Il figlio di 6 anni non voleva leggere e così è partito uno schiaffo del padre: un gesto che è costato all’uomo una condanna a un mese per abuso dei mezzi di correzione. Nel 2011 un altro papà italiano finì in cella e fu condannato ad una multa per un caso analogo in una strada di Stoccolma. Insomma i giudici mettono il naso anche nell’educazione dei figli.
Anna Longhi, Milano

IN UN’ITALIA da sempre mammona, la tendenza è tenere tutto insieme, affetto e rimbrotto, carezza e scappellotto. Uno scapaccione ogni tanto, quando proprio non ne possiamo più, può essere considerato una violenza? La generazione di quelli che oggi non sono più giovani sa che i nostri genitori (politicamente scorretti?) non disdegnavano ogni tanto di mollare un ceffone. Adesso pedagogisti e educatori ci ripetono che non si fa così, che non serve a nulla dare uno schiaffo, non serve ad educare ma anzi a far diventare violento un bambino, che nel lungo periodo si comporterà come il genitore.
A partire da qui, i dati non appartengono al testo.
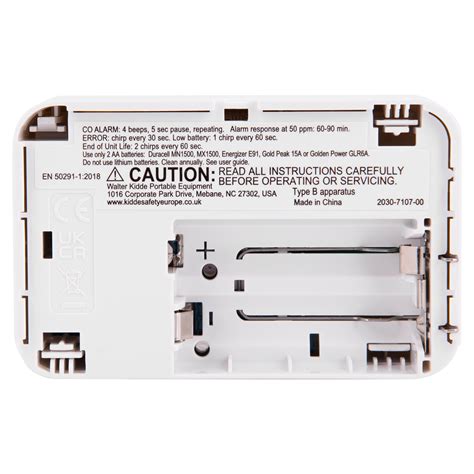 Battery Powered Carbon Monoxide Alarm - Kidde 2030-DCR - From £11.22 ...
Eppure c’è il detto “mazz e panell fann i figli bell” (bastonate e pane fanno crescere bene i figli). Ovvio che nessuno dovrebbe educare i figli a suon di botte, ci mancherebbe, il dialogo è la migliore arma che abbiamo a disposizione, così come il nostro esempio, ma ci sono situazioni dove – ammettiamolo – uno scappellotto non può che far bene.